Revised Liquidity Management Framework

(wef 5th September, 2014)

Sl. No.

Instrument

Quantum

Periodicity/Timings

1

Overnight Fixed Rate Repos (at repo rate)

0.25 per cent of NDTL, bank-wise

Daily (Monday-Friday): 9.30-10.30 AM

2

Variable Rate 14 Day Term Repo Auctions

0.75 per cent of system-wide NDTL.

Starting from Sept 5, 2014, auctions to be conducted 4 times during a reporting fortnight, i.e., on every Tuesday and Friday, between 11.00-11.30 AM for an amount equivalent to one-fourth of 0.75 per cent of NDTL in each auction.

(Rules for transition period of September 2014 are given by RBI separately)

3

Overnight Variable Rate Repo Auction

The auction amount, if any, will be decided by the Reserve Bank, based on an assessment of the liquidity conditions as well as Government cash balances available for auction for the day, and will be announced around 2.30 PM.

Daily (Monday-Friday):3.00-3.30 PM. The Reserve Bank may decide to exercise a greenshoe option above the notified amount based on the evolving liquidity conditions during the day.

4

Overnight Fixed Rate Reverse Repo.

No restriction on quantity.

Daily (Monday-Friday): 7.00-7.30 PM

5

Overnight Variable Rate Reverse Repo Auctions

The auction amount, if any, will be decided by the Reserve Bank, based on an assessment of the liquidity conditions and will be conducted on days when it is considered necessary.

Reserve Bank will announce the notified amount during the day and conduct the auction between 3.00-3.30 PM

6

Overnight Marginal Standing Facility

Individual banks can draw funds equivalent up to Excess SLR+2 per cent below SLR.

Daily (Monday-Friday): 7.00-7.30 PM

7

Export Credit Refinance

As per the existing limits

Will remain available at fixed repo rate between 10 AM and 5 PM from Monday to Friday and between 10 AM and 1 PM on Saturday.

In addition to the framework as set out in the table, the Reserve Bank may announce special variable rate short term repo/reverse repo auctions at short notice to take care of fast-changing liquidity conditions at any time during the day.
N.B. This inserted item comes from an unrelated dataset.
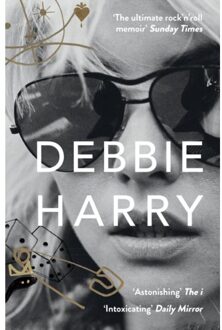 Face It - Debbie Harry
Further, apart from addressing day-to-day liquidity requirements arising out of frictional factors, the Reserve Bank will also manage liquidity movements of a more durable nature through open market operations (including those conducted on the NDS-OM platform) and forex operations.

The Reserve Bank will review the operation of the Revised Liquidity Management Framework on an ongoing basis and bring about further refinements as considered necessary.